Consider the following standard formulation of the Johnson-Lindenstrauss lemma: 

>Lemma (JL).<br>
>For any $0<\epsilon < 1$ and any integer $n$, let $k$ be a positive integer such that $k\geq C\cdot \epsilon^{-2}\log n$ (for some explicit constant $C$ which we omit here). Then, for any set $X$ of $n$ points in $\mathbb{R}^d$, there is a linear map $f:\mathbb{R}^d\rightarrow \mathbb{R}^k$ such that ***for all*** $u,v\in X$, it holds; 
>
>$||u-v||^2(1-\epsilon) \leq ||f(u)- f(v)||^2 \leq ||u-v||^2(1+\epsilon)$.
>
>Moreover, $f$ can be found in randomized polynomial time.

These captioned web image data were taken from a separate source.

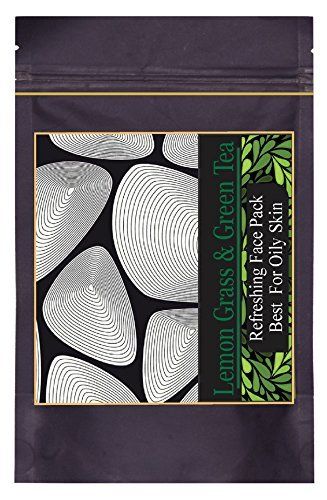  फ़ॉरेस्ट बोटैनिकल लेमन ग्रास और ग्रीन टी रिफ्रेशिंग फेस पैक सामग्री: खनिज 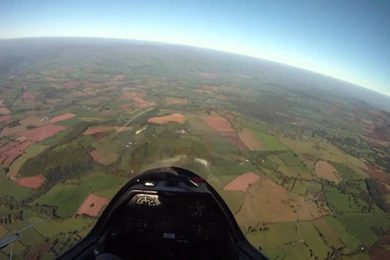 My First Glider (Sailplane) Flight   YouTube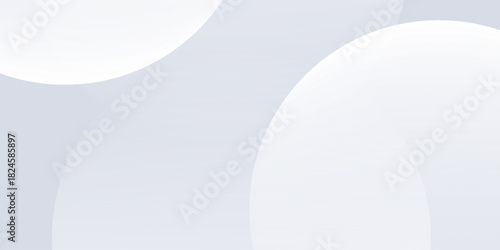 Simple lines grey background with dynamic circle lines art modern nice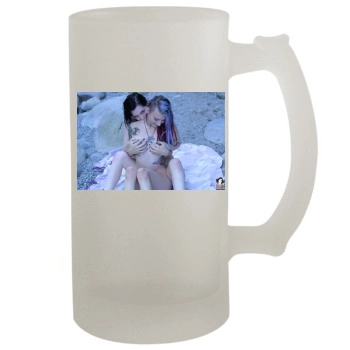 Ceres 16oz Frosted Beer Stein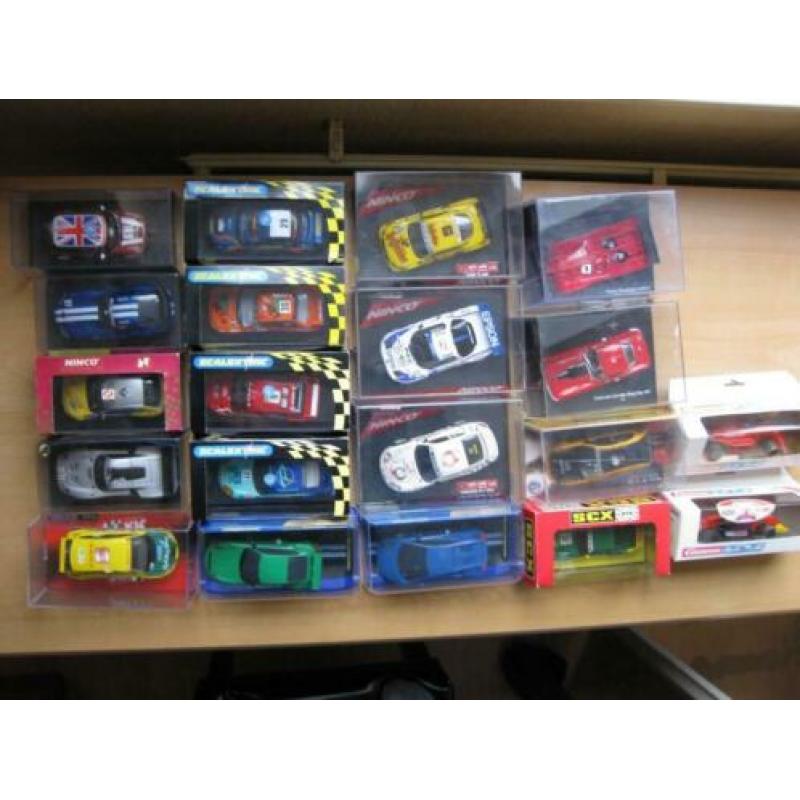 fleischmann racebaan ninco fly scalextric marklin carrera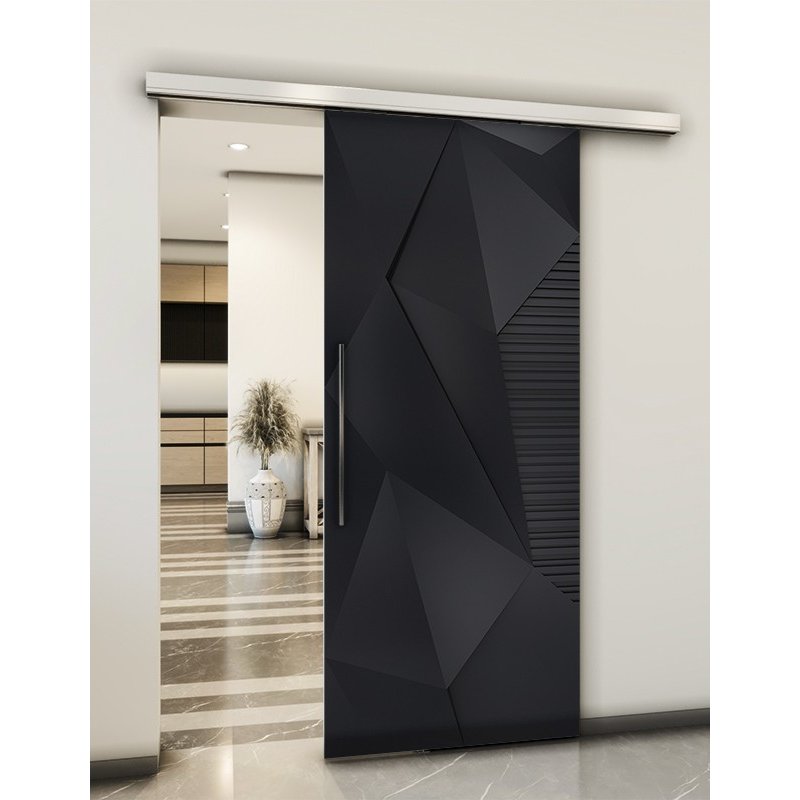 Holzschiebetür Slim-Line - Schwarz Model 1033 Holzschiebetür Slim-Line - Schwarz Model 1033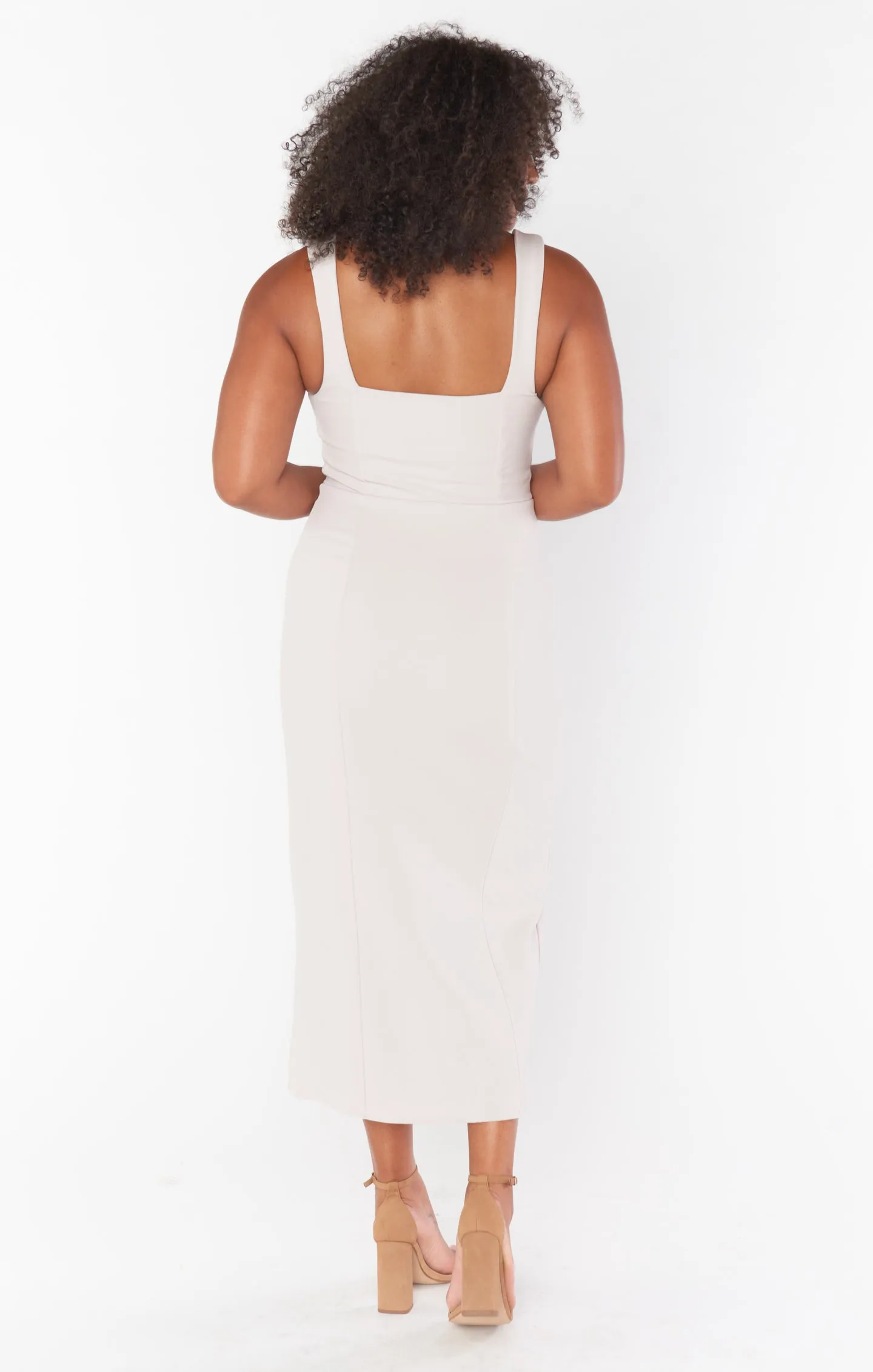 Robe Midi Eden ~ Montrez-moi l'élasticité de l'anneau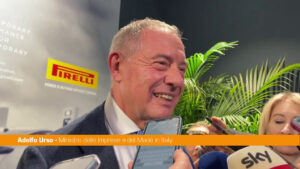 Pirelli, Urso “Siamo sulla strada giusta, il governo fa la sua parte”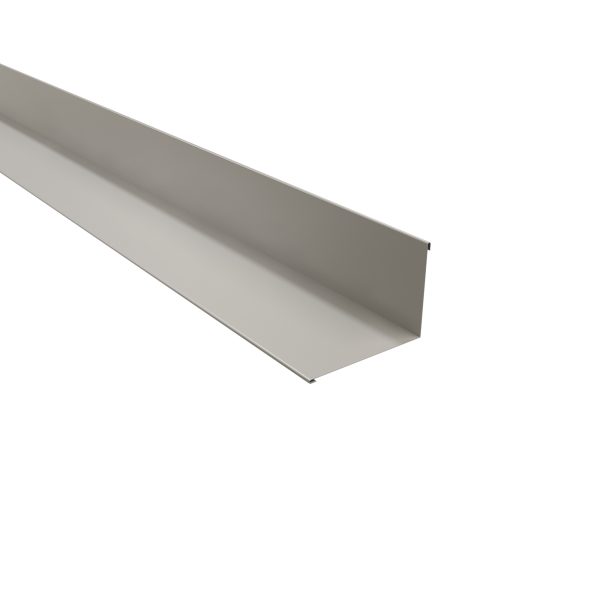 Wandanschluß, 160x115 mm - 90° Stahl= 0,75 mm, 60µm Puramid/RSB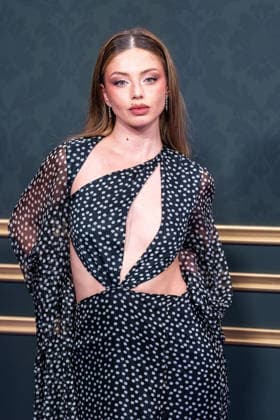 April 22, 2026, Madrid, Madrid, SPAIN: LYDIA PAVON attends the official premiere of The Tribute (El Homenaje), the new original series from SkyShowtime in Madrid, Spain. Madrid SPAIN - ZUMAc270 20260422_zip_c270_031 Copyright: xDavidxCruzxSanzx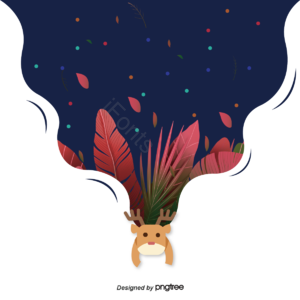 绿色 植被 不规则形状 蓝色 植物 有创意的 大量的 祥云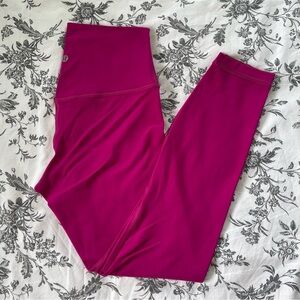 Lululemon Align High-Rise Pant 25” Ripened Raspberry
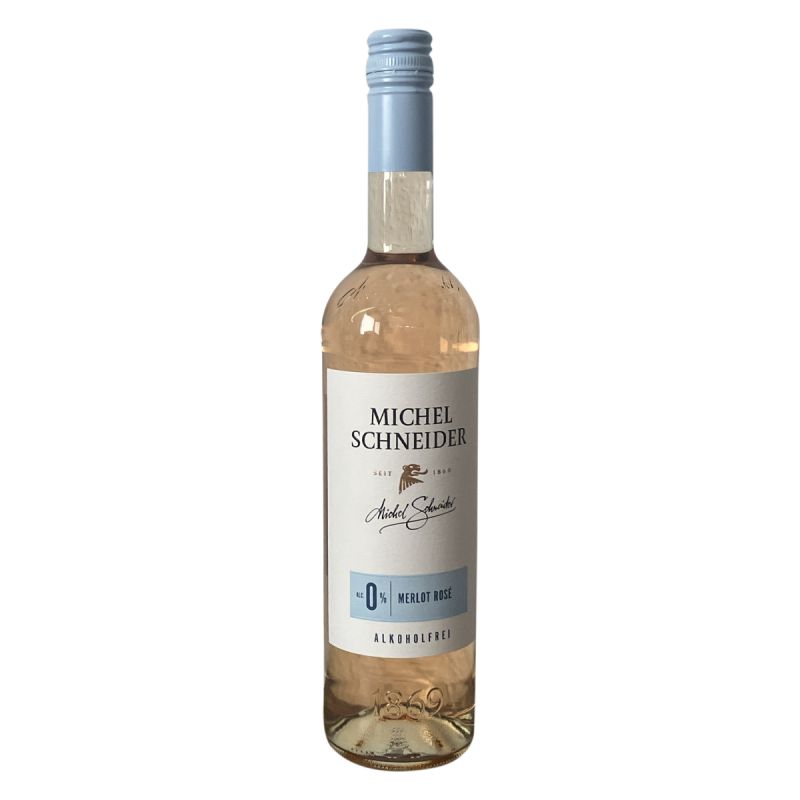 Merlot Rosé,alkoholfrei, Michel Schneider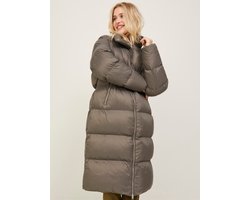 JJXX JXELLIE LONG  PUFFER JACKET Dames Jas - Maat XS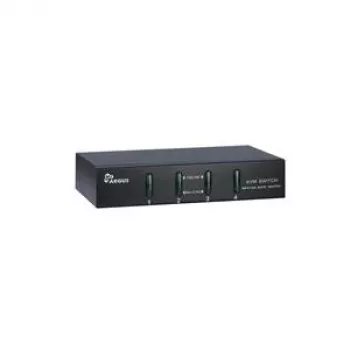Inter-Tech Argus KVM-AS-41UA - Conmutador KVM/Audio - 4 x KVM/Audio - Sobremesa (88887169)
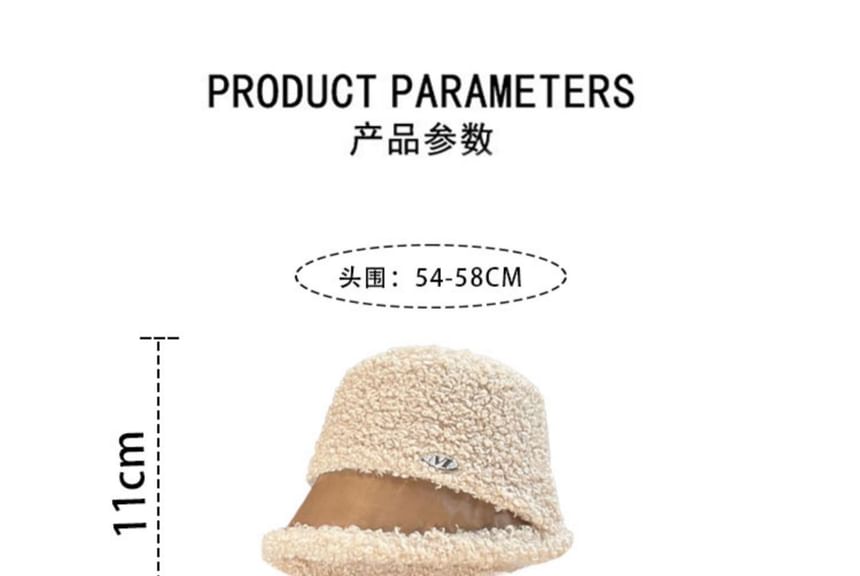 Fleece Panel Bucket Hat SpreePicky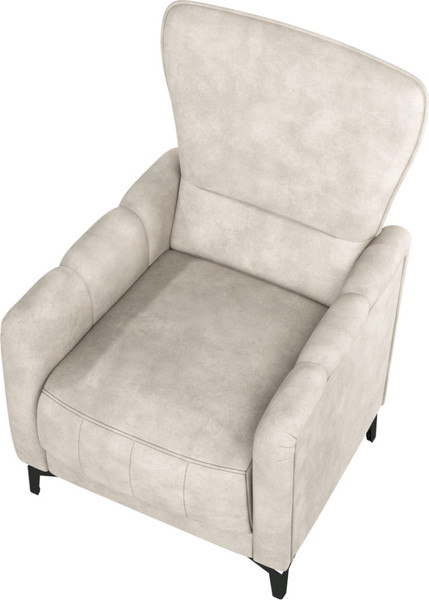 Изображение товара Кресло мягкое Олмеко Одри (велюр Олимпия 003 бежевый)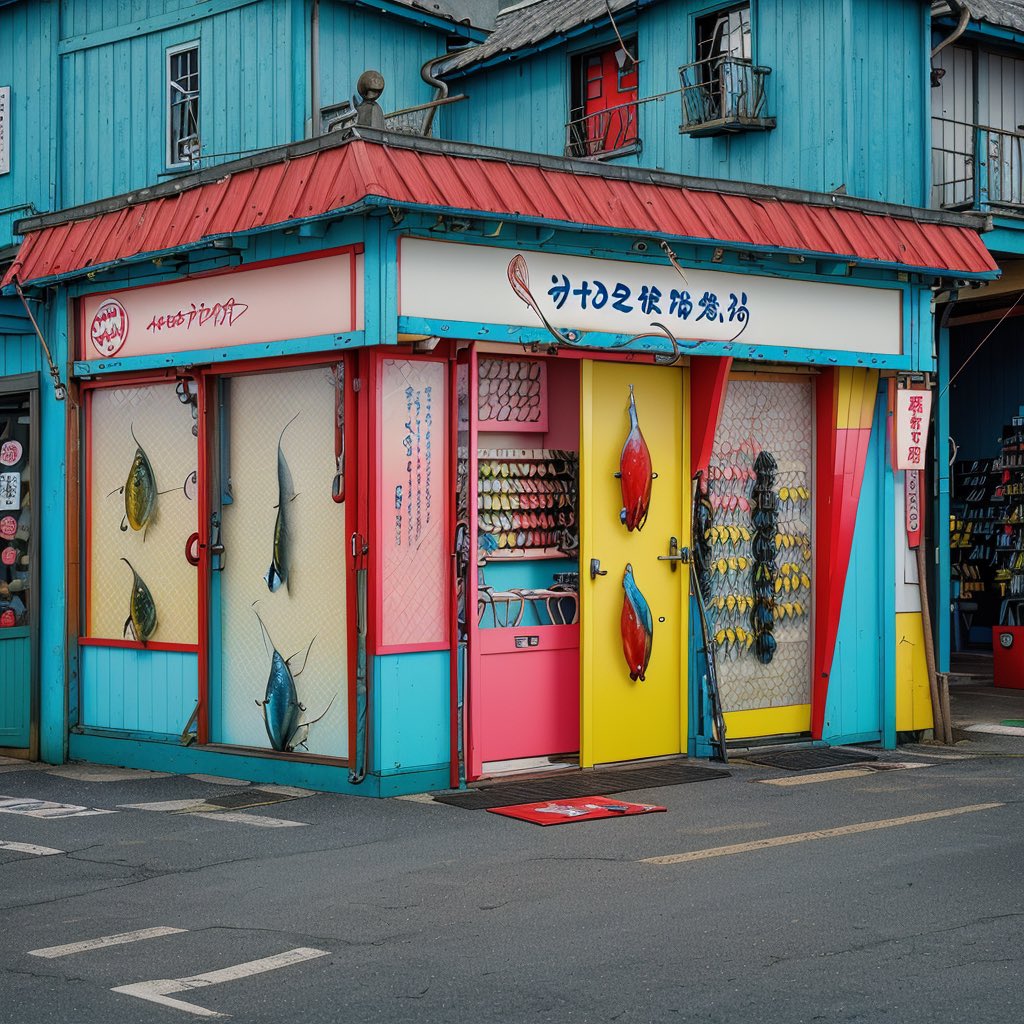 En bild från vår japanska filial 

#baitbox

Now, what can be said about probabilistic $(1+\epsilon)$ distortion of arbitrary vectors in $\mathbb{R}^d$, that are not necessarily drawn from $X$ ? 

In particular, suppose $X$ is fixed and $f$ is computed as in JL, then we pick an arbitrary (random) $z\in \mathbb{R}^d$, not necessarily in $X$, and we look at the distortion between $z$ and $x$, for every $x\in X$: can we appropriately bound the probability to get $(1+\epsilon)$ distortion w.r.t. $z,x$ ?

I guess it is possible to appropriately bound, and then amplify, the probability $\delta$ that an arbitrary (random) $z\in \mathbb{R}^d$ will be distorted by at most $(1+\epsilon)$ relative error w.r.t $X$, as above. Is this guess true ?